> _INFORMATION SUPPLIED_:
==*==

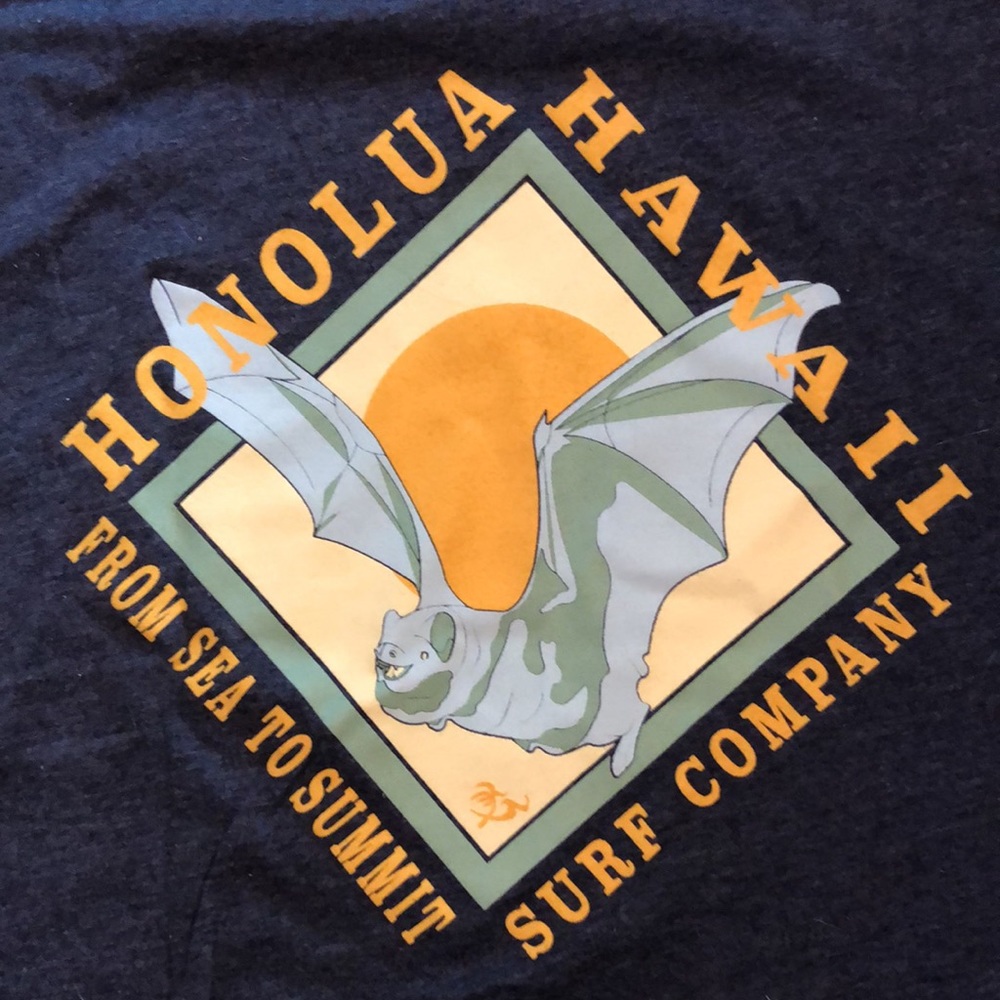 Honolua Surf Co. bat tshirt size M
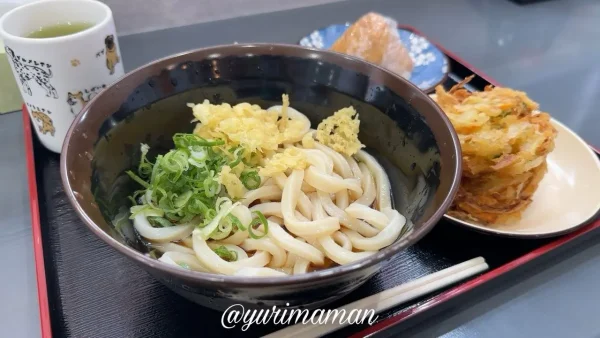 ぶっかけうどん（冷）｜讃岐うどん製麺 一宮店のセルフトッピングスタイル1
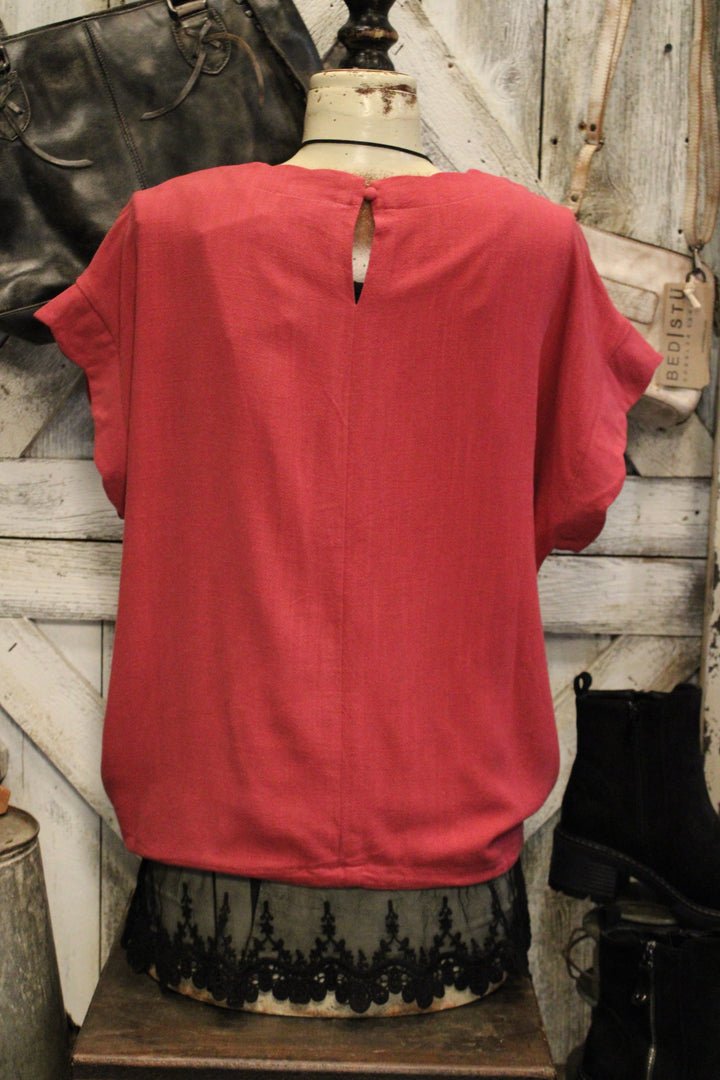 Berry Breeze Blouse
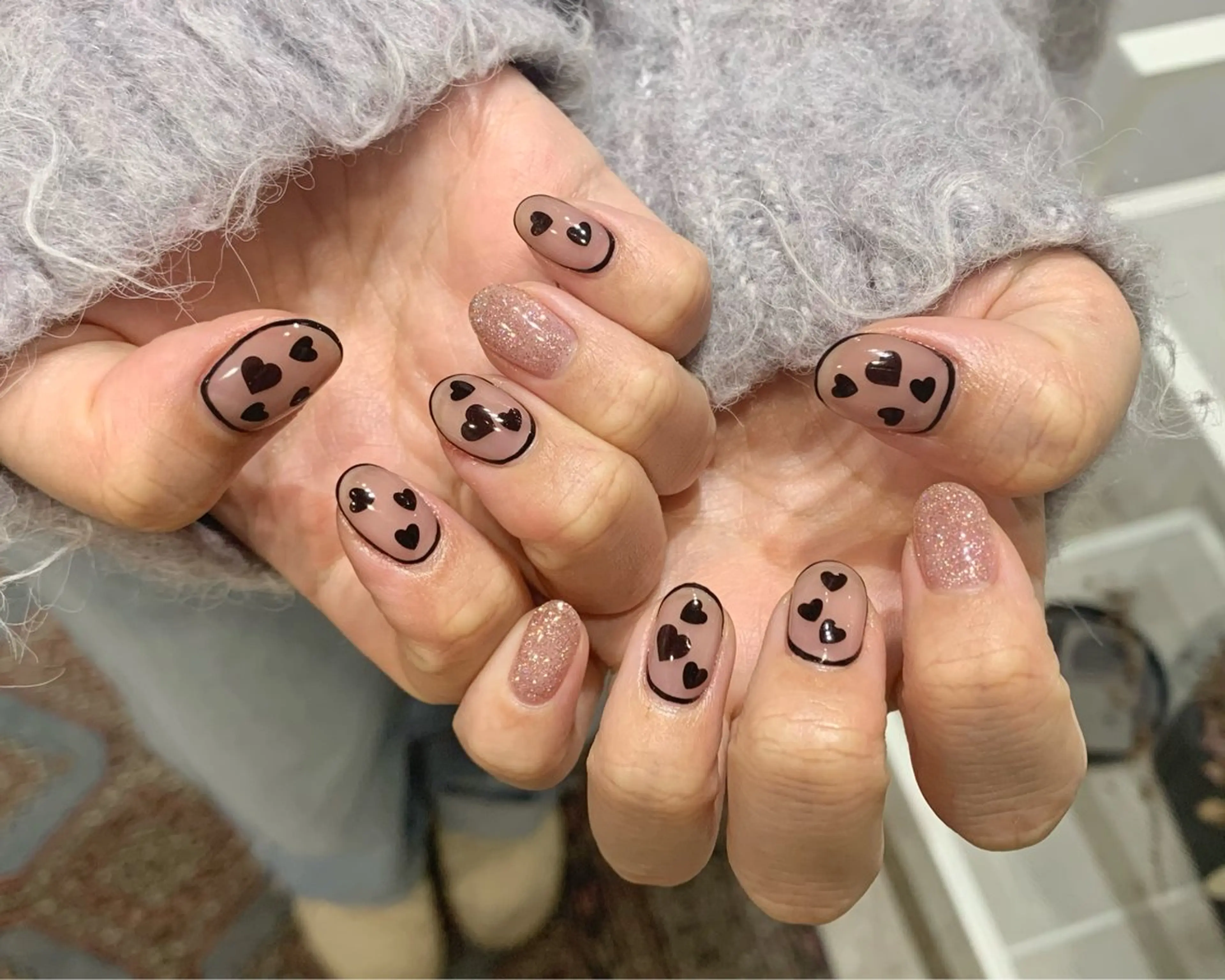 ネイル ハンドネイル 0203ムニムサン 💙Mihoのネイルデザイン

==*==

> _YOUR GOAL_:
Give back the material above word for word; no picture belongs in it.

> _OUTPUT_:
 Honolua Surf Co. bat tshirt size M
 ぶっかけうどん（冷）｜讃岐うどん製麺 一宮店のセルフトッピングスタイル1
 Berry Breeze Blouse
 ネイル ハンドネイル 0203ムニムサン 💙Mihoのネイルデザイン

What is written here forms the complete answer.